╭─ INPUT
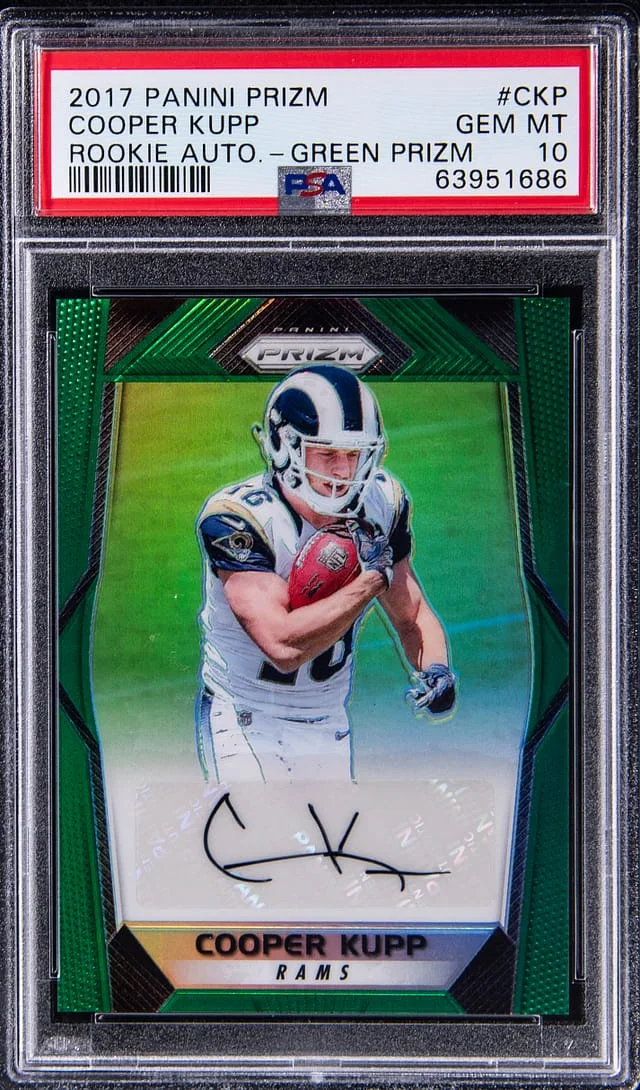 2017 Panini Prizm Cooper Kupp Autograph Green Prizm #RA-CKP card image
╰─
╭─ INPUT
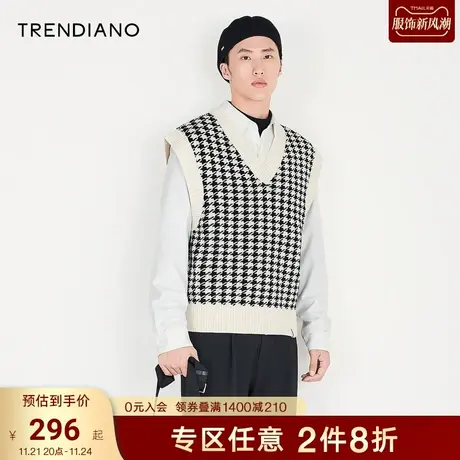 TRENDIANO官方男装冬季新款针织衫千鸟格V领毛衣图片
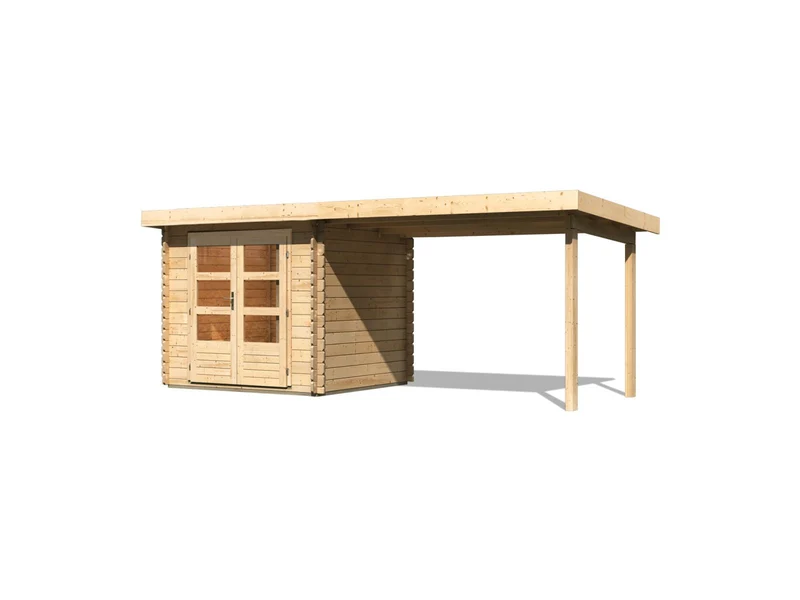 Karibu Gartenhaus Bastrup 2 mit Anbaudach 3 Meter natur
╰─
╭─ INPUT
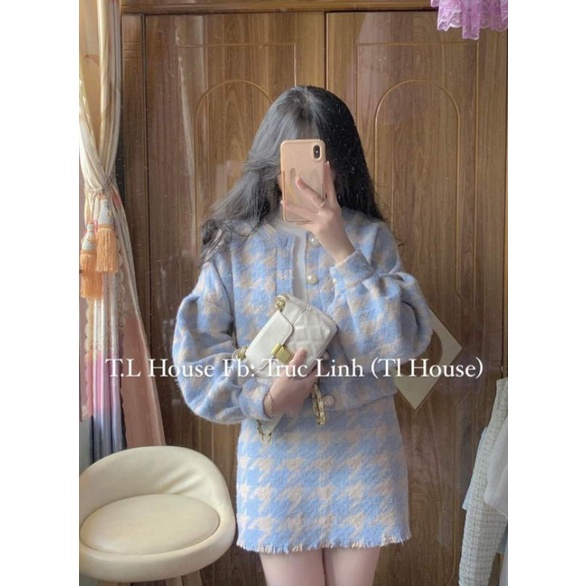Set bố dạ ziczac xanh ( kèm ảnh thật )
╰─
» **WHAT NEEDS TO BE DONE**: Using the data above, retype exactly the lines from the line with "TRENDIANO官方男装冬季新款针织衫千鸟格V领毛衣图片" to the line with "Karibu Gartenhaus Bastrup", inclusive. No pictures and nothing else.

» **ANSWER TO THE EXERCISE**:
 TRENDIANO官方男装冬季新款针织衫千鸟格V领毛衣图片
 Karibu Gartenhaus Bastrup 2 mit Anbaudach 3 Meter natur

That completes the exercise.